> **INPUT DATA**:
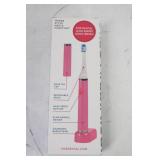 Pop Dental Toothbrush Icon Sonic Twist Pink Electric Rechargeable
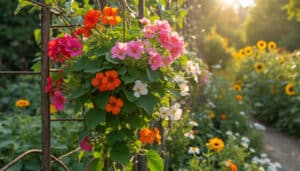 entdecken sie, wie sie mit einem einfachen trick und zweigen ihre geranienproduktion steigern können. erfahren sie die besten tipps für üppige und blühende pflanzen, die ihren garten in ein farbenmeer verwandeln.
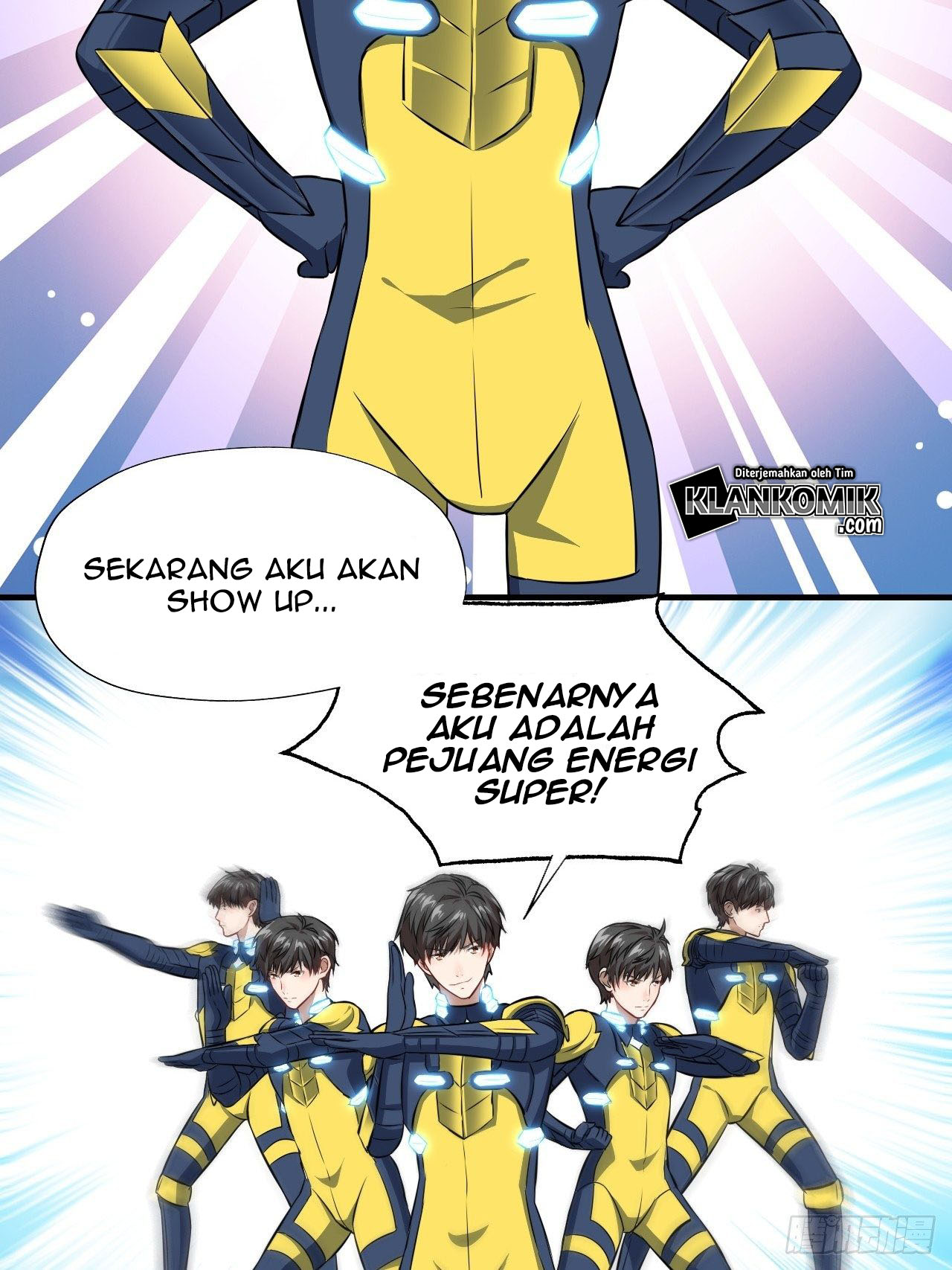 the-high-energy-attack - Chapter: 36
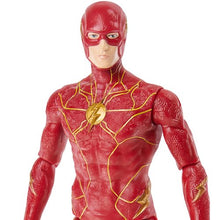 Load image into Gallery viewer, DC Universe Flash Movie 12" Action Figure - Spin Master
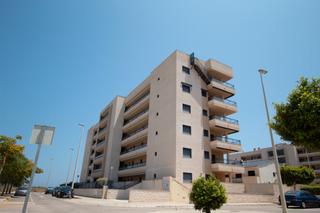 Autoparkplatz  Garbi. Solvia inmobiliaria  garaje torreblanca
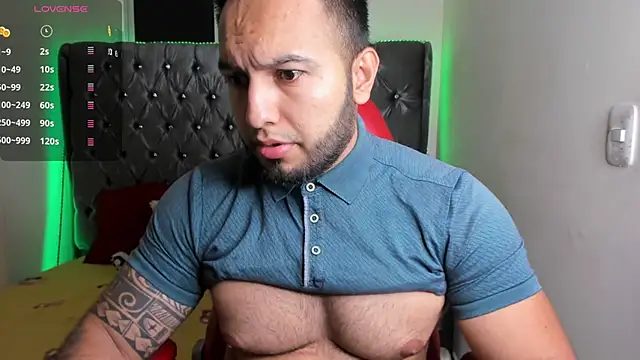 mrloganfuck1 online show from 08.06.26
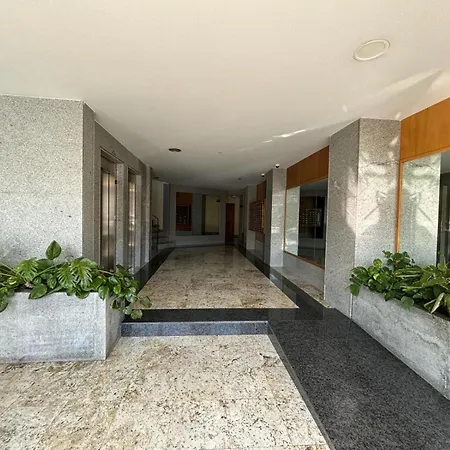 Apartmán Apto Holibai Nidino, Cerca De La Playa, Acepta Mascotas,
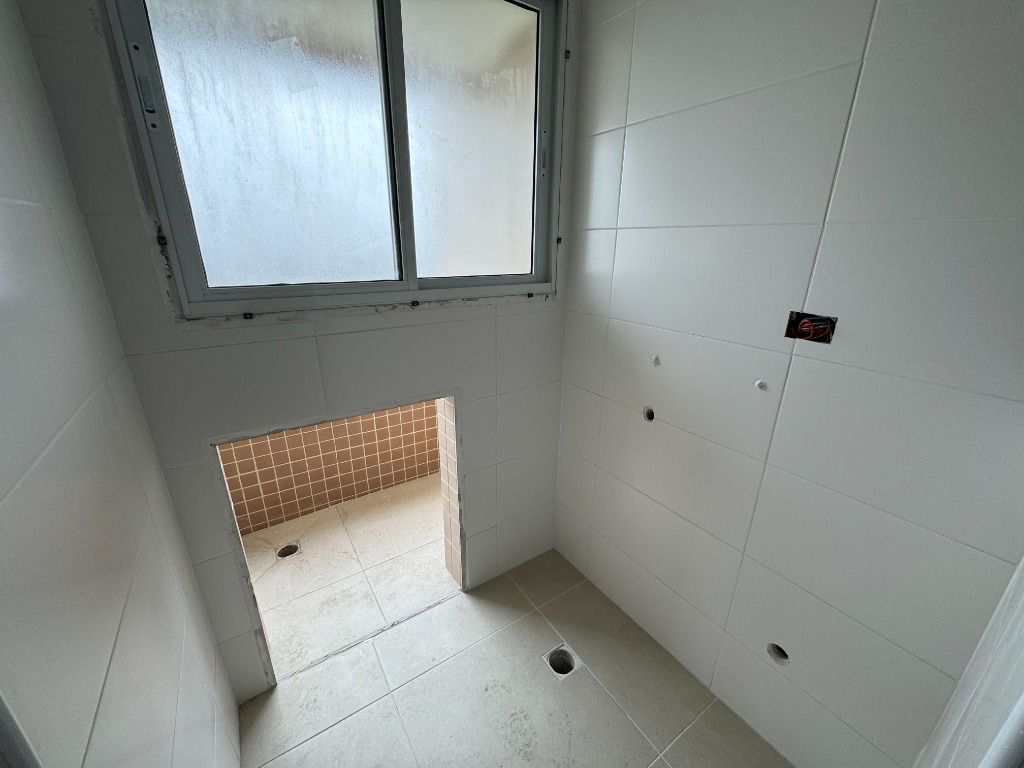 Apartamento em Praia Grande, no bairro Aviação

> **TASK TO CARRY OUT**:
The required answer is an exact copy of the lines from the one containing "Garbi. Solvia inmobiliaria" through the last line of the material, with the pictures removed.

> **SOLUTION BELOW**:
 Autoparkplatz  Garbi. Solvia inmobiliaria  garaje torreblanca
 mrloganfuck1 online show from 08.06.26
 Apartmán Apto Holibai Nidino, Cerca De La Playa, Acepta Mascotas,
 Apartamento em Praia Grande, no bairro Aviação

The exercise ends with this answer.